Although there are promising advantages to telerehabilitation, implementing such services for CRD patients in Saudi Arabia is a challenge. A nationwide study among physiotherapists revealed that technical issues and the associated costs are the primary limitations to integrating telerehabilitation [36]. In addition, communicating with female patients in Saudi Arabia through digital services can raise ethical and legal concerns, as religious and cultural factors may discourage visual interactions with healthcare providers.
A study exploring cultural factors in digital health interventions found that patients and their families often perceive indirect contact, such as through cameras, as a barrier to effective communication, influenced by cultural views on using cameras during consultations [33]. Additionally, the requirement for women to wear a Hijab, covering their face, head, and body in the presence of non-related men, underscores the importance of cultural sensitivity in healthcare settings [37].

6. Pulmonary Rehabilitation’s Current Status and Utilization in Saudi Arabia

In Saudi Arabia, the healthcare system operates on three levels: primary, secondary, and tertiary care [38]. Over the past decade, the number of hospitals in the country has steadily increased, reaching 497 hospitals with 78,000 beds by 2022 [39]. Although the ratio of hospital beds per 1000 people improved in 2022, it remains below the global average. To maintain the current ratio, an estimated 10,200 additional beds will be needed by 2025 [40,41].
Saudi Arabia’s healthcare expenditure in 2020 was around USD 49 billion and is expected to rise to USD 77.1 billion by 2030 [42]. To reduce health care expenditure, it is crucial to find effective strategies for mitigating the chronic disease burden. Respiratory diseases heavily impact the cost and utilization of health care services in Saudi Arabia.
Hospital stays account for half of the total out-of-pocket expenses, followed by the cost of medication therapy. Commonly used treatments such as oxygen therapy and bronchodilators are easily available and are widely promoted [40]. Interestingly, a UK study found that PR was much more cost-effective than bronchodilator therapy when measured by cost per quality-adjusted life year [43].

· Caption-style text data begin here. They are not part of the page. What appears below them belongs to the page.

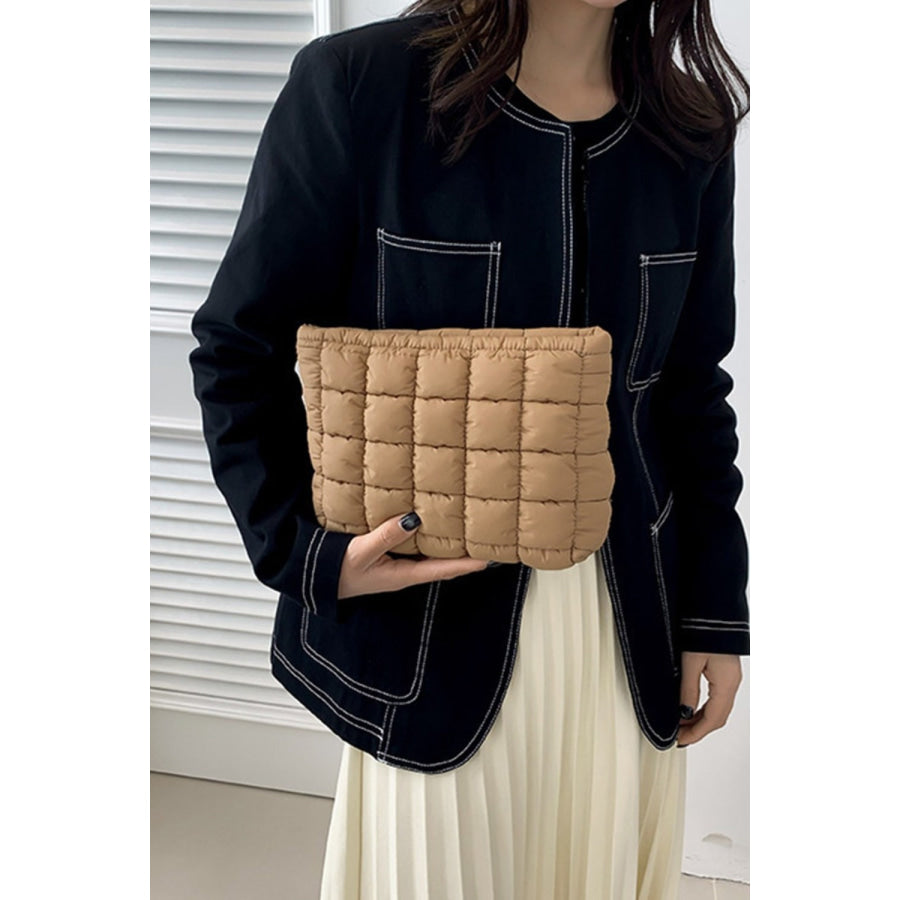 Zenana Quilted Puffy Pouch Clutch Bag Mocha / One Size Apparel and Accessories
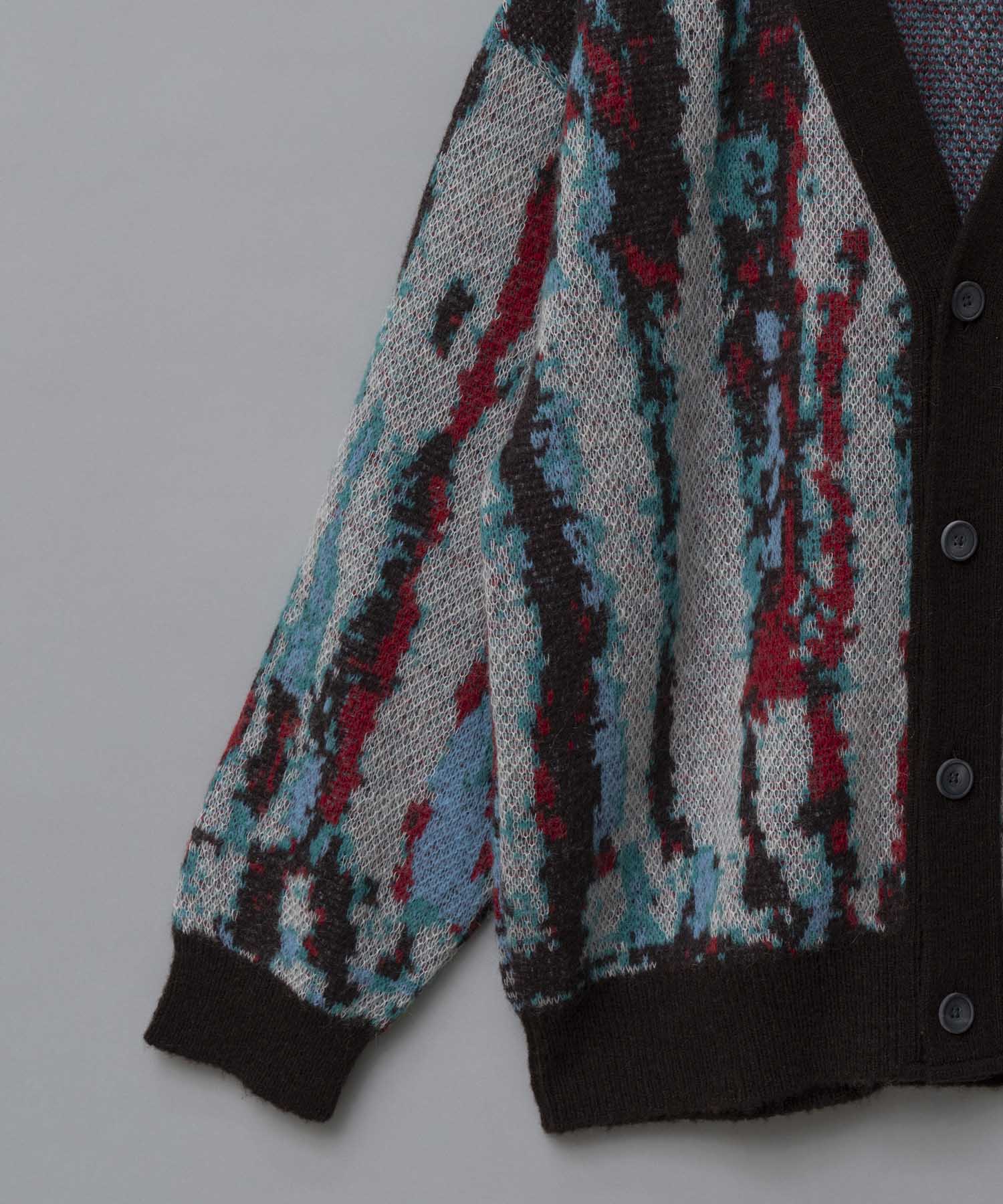 Airy Mohair Crazy Stripe Prime-Over V-Neck Knit Cardigan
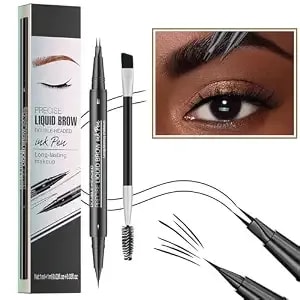 Pinkiou Microblading Eyebrow Pen, 2-In-1 Waterproof Eyebrow Pen, Dual-Ended Eyebrow Pen With 2-Fork-Tips And Precision Brush, Eyebrow Pen For Natural Hair-Like Brows,Long Lasting,Black
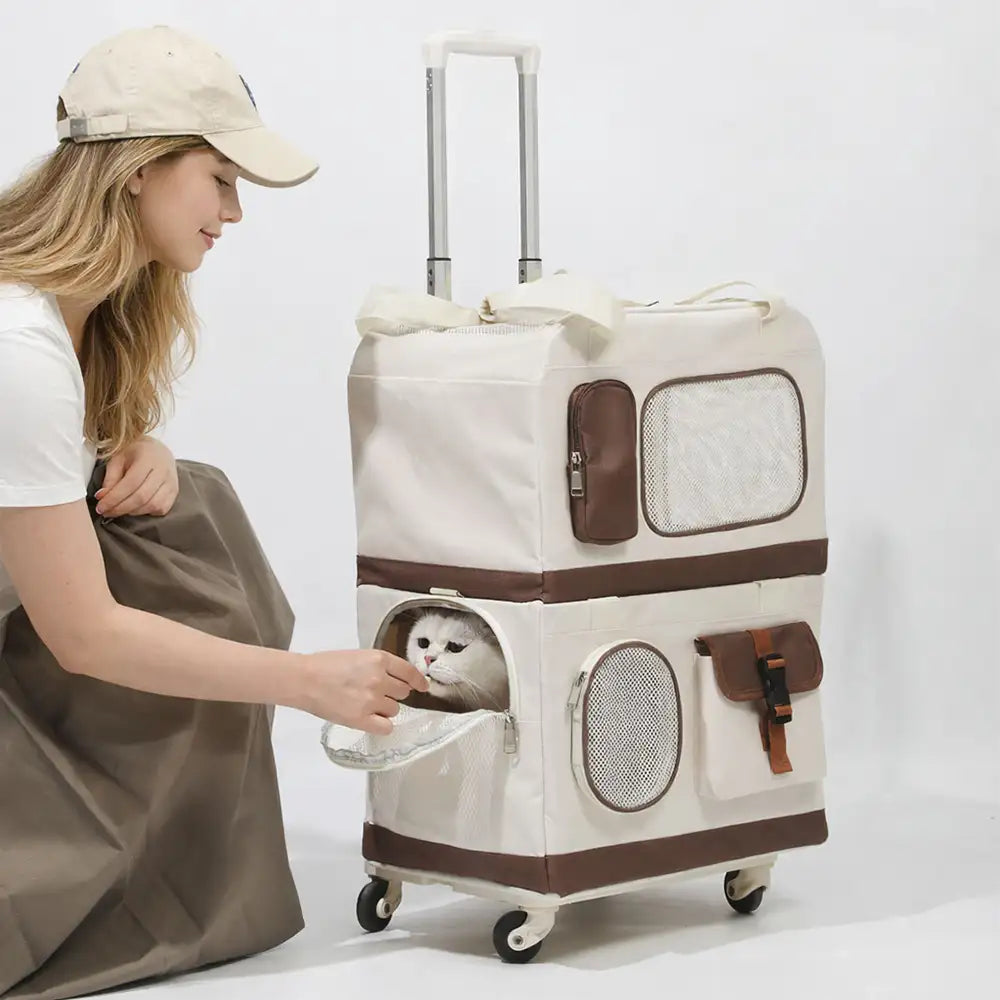 Travel Carrier Double-Layer Foldable Cat Bag with Detachable Trolley – Pet Carriers &… | Petix pet supplies for dogs and cats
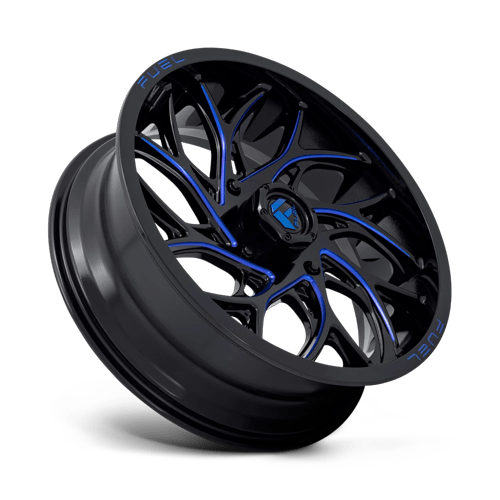 Fuel Off-Road Aluminum Wheels 18X7 Runner Utv D778 Gloss Black Milled W/ Candy Blue Tint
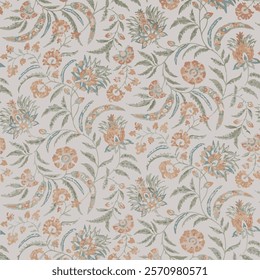 The image features a floral background pattern that is likely used in various contexts such as clothing, fabric, or wallpaper design. It showcases a decorative motif of flowers, 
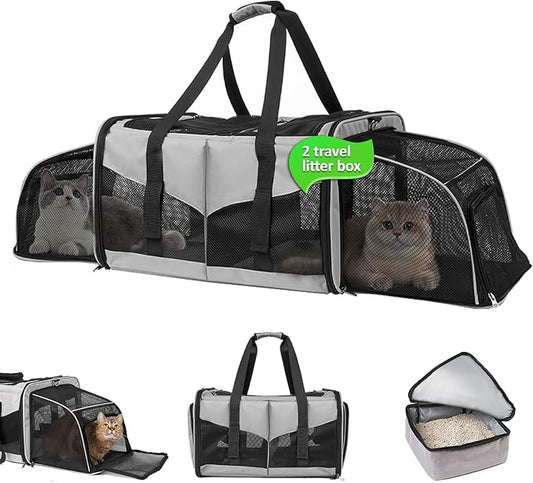 Cat Carrier with Litter Box - INRLKIT Cat Carrier for 2 Cats, Portable 2-in-1 Double Cat Travel Carrier Bag for Traveling, Expandable Pet Carrier for Car, Portable Travel Litter Box for Cats (Grey)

7. Availability and Utilization of PR Services in Saudi Arabia

The first PR program in Saudi Arabia was established at King Abdulaziz Medical City in 2001. Since then, only a small number of PR services have been implemented across the country. Despite the recognized importance of PR in managing CRDs, particularly COPD, access to PR services in Saudi Arabia remains limited [43]. To the best of our knowledge, only a few tertiary care facilities actively provide PR programs, and no data are available on the percentage of patients benefiting from these services. Additionally, even when hospitals have PR initiatives, healthcare providers are often unaware of their existence [44].
Notwithstanding the variety of rehabilitation centers available across Saudi Arabia, there is a lack of PR services within these facilities. While general rehabilitation services may serve patients with a range of conditions such as orthopedic or neurological disorders, PR programs for patients with CRDs remain limited or nonexistent.
The absence of PR services in many centers may be due to several factors, such as insufficient awareness among healthcare providers, a lack of trained personnel specialized in PR, and limited infrastructure to support the multidisciplinary nature of these programs [9,45]. Addressing this gap is crucial, due to the needs of the growing number of CRD patients in Saudi Arabia. Integrating PR into existing rehabilitation centers could significantly enhance their scope and provide much-needed support for patients managing respiratory conditions.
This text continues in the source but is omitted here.